Aux termes de l’article L.521-9 du code de l’entrée et du séjour des étrangers et du droit d’asile : « Lorsque la demande d’asile est présentée par un mineur non accompagné, le procureur de la République, avisé immédiatement par l’autorité administrative, lui désigne sans délai un administrateur ad hoc. Celui-ci assiste le mineur et assure sa représentation dans le cadre des procédures administratives et juridictionnelles relatives à la demande d’asile ». Aux termes de l’article R. 521-18 du même code : « Lorsqu’un mineur non accompagné se présente sans représentant légal pour l’enregistrement d’une demande d’asile, le préfet compétent enregistre la demande sur la base des éléments dont il dispose et convoque l’intéressé à une date ultérieure pour compléter l’enregistrement de sa demande en présence de son représentant légal. Lorsque l’ensemble des conditions prévues aux articles R.521-5 à R.521-7 sont réunies, l’attestation de demande d’asile mentionnée à l’article L.521-7 est éditée au nom du mineur non accompagné et remise en présence de son représentant légal ». Il résulte de ces dispositions que, sous réserve des cas où la condition de minorité ne serait à l’évidence pas remplie, il incombe au préfet d’enregistrer, sur la base des éléments dont il dispose, la demande d’asile d’un mineur non accompagné se présentant sans représentant légal, dans ses services. En parallèle, le préfet doit aviser immédiatement le procureur de la République pour qu’il désigne sans délai un administrateur ad hoc. Dès la désignation de l’administrateur ad hoc effectuée, il appartient au préfet de convoquer le mineur non accompagné et l’administrateur ad hoc, afin de compléter l’enregistrement de la demande d’asile et, lorsque les conditions prévues aux articles R.521-5 à R.521-7 sont réunies, de lui remettre une attestation de demande d’asile.
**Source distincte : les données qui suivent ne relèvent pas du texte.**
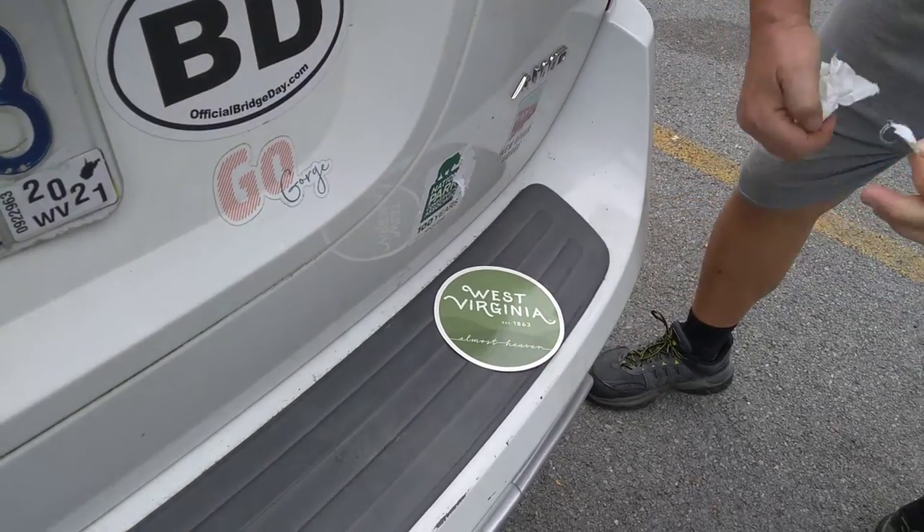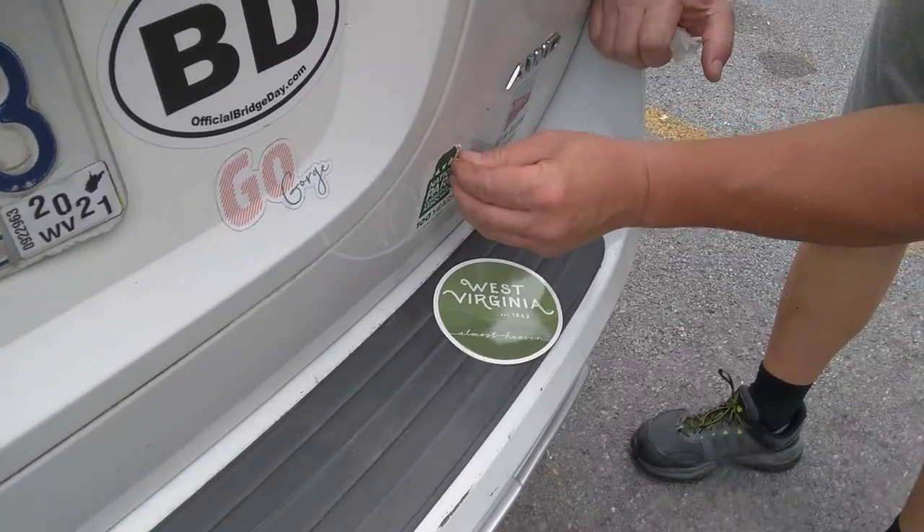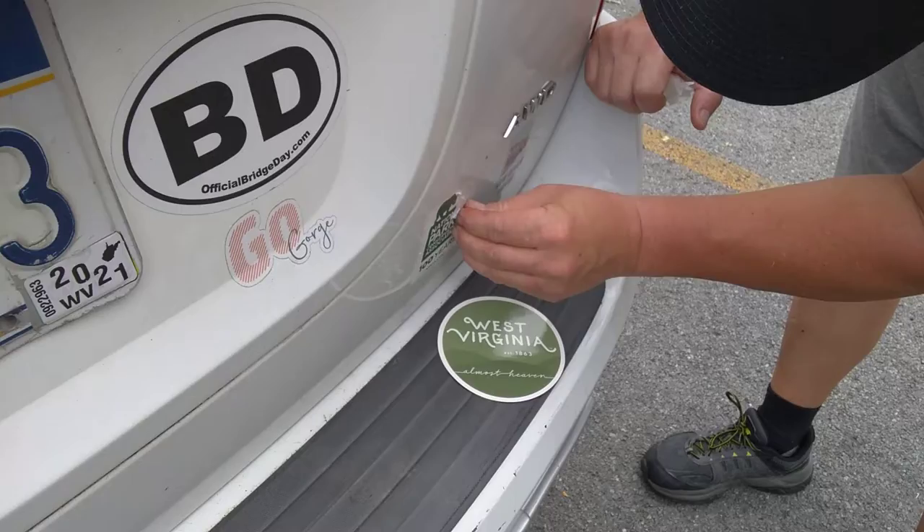We're not keeping that one. This will take a while to peel off. You just want it up there where you had it, so I got this on.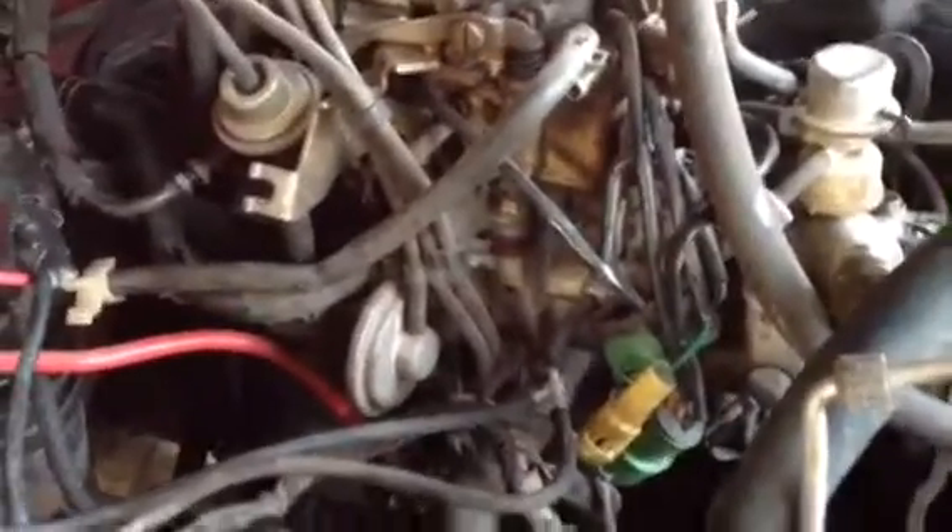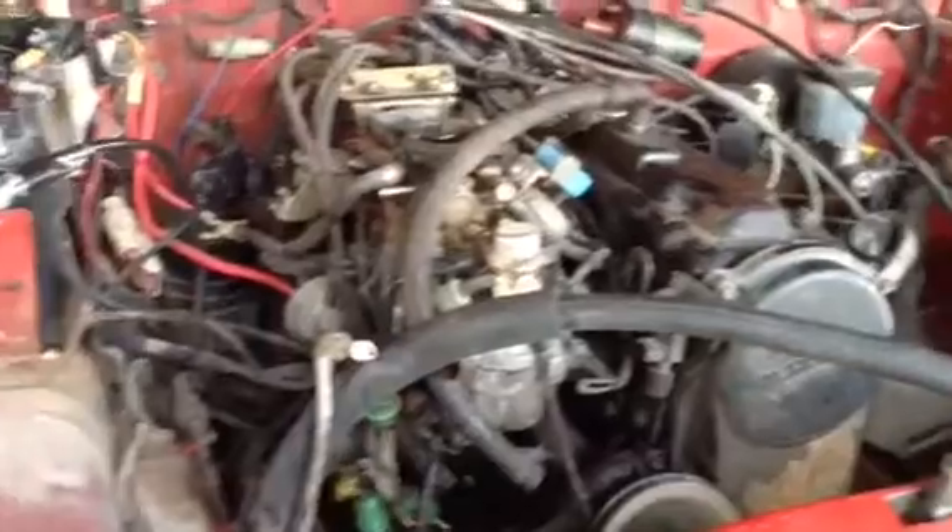Not entirely out yet, but they're all loosened up. I got two bell housing bolts over here to take out and the starter, and I think those are together actually. Then it should be ready to yank out. All the wiring's unhooked. There's a lot of wires — it's all to the carburetor too.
Il résulte de l’instruction que l’ordonnance n° 2600763 du 3 mars 2026, dont il est demandé la modification, a été rendue sur le fondement des dispositions précitées du code de l’entrée et du séjour des étrangers et du droit d’asile, compte tenu de la minorité du requérant. M. A… étant majeur depuis le 19 mai 2026, sa situation administrative n’entre désormais plus dans le champ d’application de ces dispositions et il n’y a pas lieu d’assortir l’injonction prononcée par cette ordonnance d’une astreinte.
Il résulte de l’ensemble de ce qui précède que la requête de M. A… doit être rejetée en toute ses conclusions, y compris la demande d’admission provisoire à l’aide juridictionnelle.
O R D O N N E :
Article 1er : La requête de M. A… est rejetée.
Article 2 : La présente ordonnance sera notifiée à M. C… A…, à Me Bayon et au préfet de Mayotte.
Fait à Mamoudzou, le 20 mai 2026.
Le juge des référés,
J.-M. LASOLa greffière,
D. B…
La République mande et ordonne au préfet de Mayotte en ce qui le concerne ou à tous commissaires de justice à ce requis en ce qui concerne les voies de droit commun contre les parties privées, de pourvoir à l’exécution de la présente décision.